それはそうでしょう。「与野党連立内閣」と形だけ作ってみても意見がまとまるはずがありません。言ってみれば各球団の花形4番打者をずらりと並べたようなオールジャパンチームで、俺が、俺が、と自己主張するだけです。バント、盗塁のサインなどには首を振ります。慶喜監督のサインに忠実に動くのは松平容保くらいなもので、他の面々は一発ホームランしか狙わず、そう、ブンブン丸です。三振ばかりでチームとして機能しません。

案の定、1863年の12月に発足して、翌年の3月には解体しています。

この会議体…どうやら幕府贔屓の、フランス公使ロシュからの入れ知恵だったようですね。

この当時のフランスはナポレオン3世の時代で、ロシュはその寵臣であったようです。慶喜をナポレオン3世=皇帝になぞらえ、参与会議を国会として機能させたらどうかと言うものでした。

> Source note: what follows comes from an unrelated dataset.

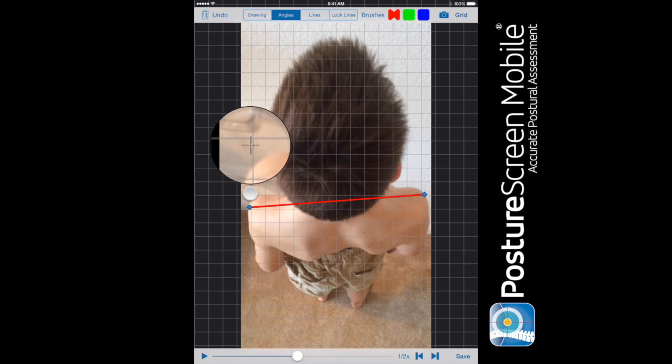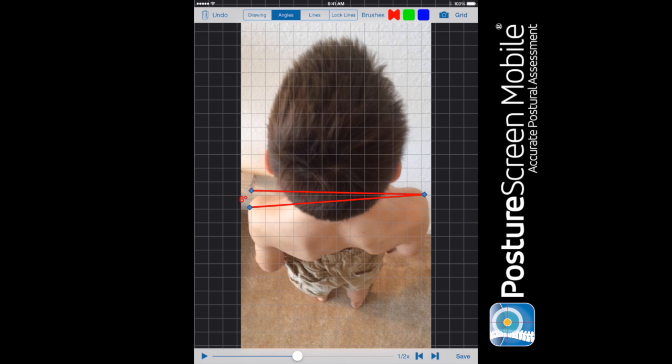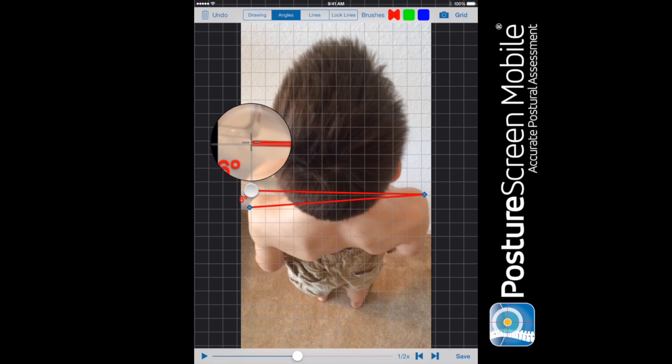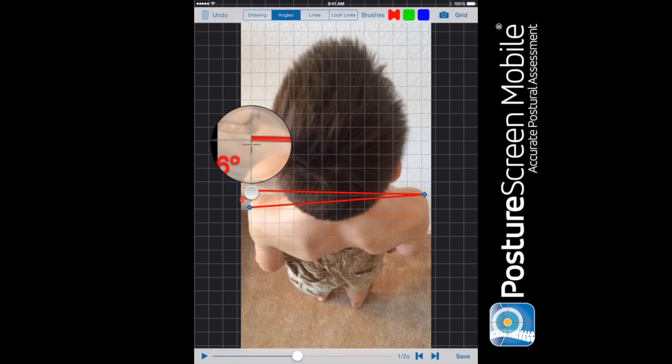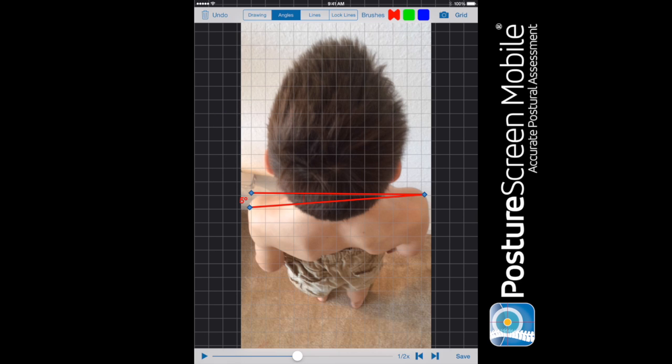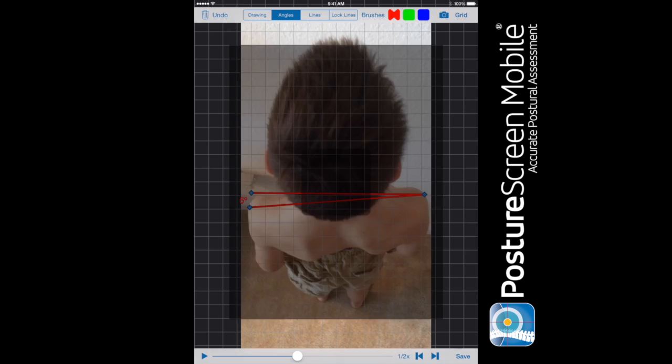And then we want to do a horizontal line and do the best fit we can. We can drag that down just a little bit, drag it down a little bit more. And then so we can see that that's about a five degree rotation posterior on the left side. So that's how you would use the angle tool.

ただ、慶喜の意見がコロコロ変わるのと、独断が過ぎるので嫌気がさし、まず土佐の容堂が一抜けた、島津が、伊達が…と国許に引き上げ、温厚な春嶽まで福井に引き上げて消滅し、残ったのは一ツ橋慶喜、会津、桑名だけでした。これを「一会(いちかい)桑(そう)」政権とも言います。

この当時の川柳に 数の子は 無事で鰊(にしん)が へたりたる があります。

かずのこは…和宮・公武合体、鰊は「二心殿」と揶揄された慶喜を指します。攘夷といったり、開国といったり、言うことがコロコロ変わるために付けられたあだ名です。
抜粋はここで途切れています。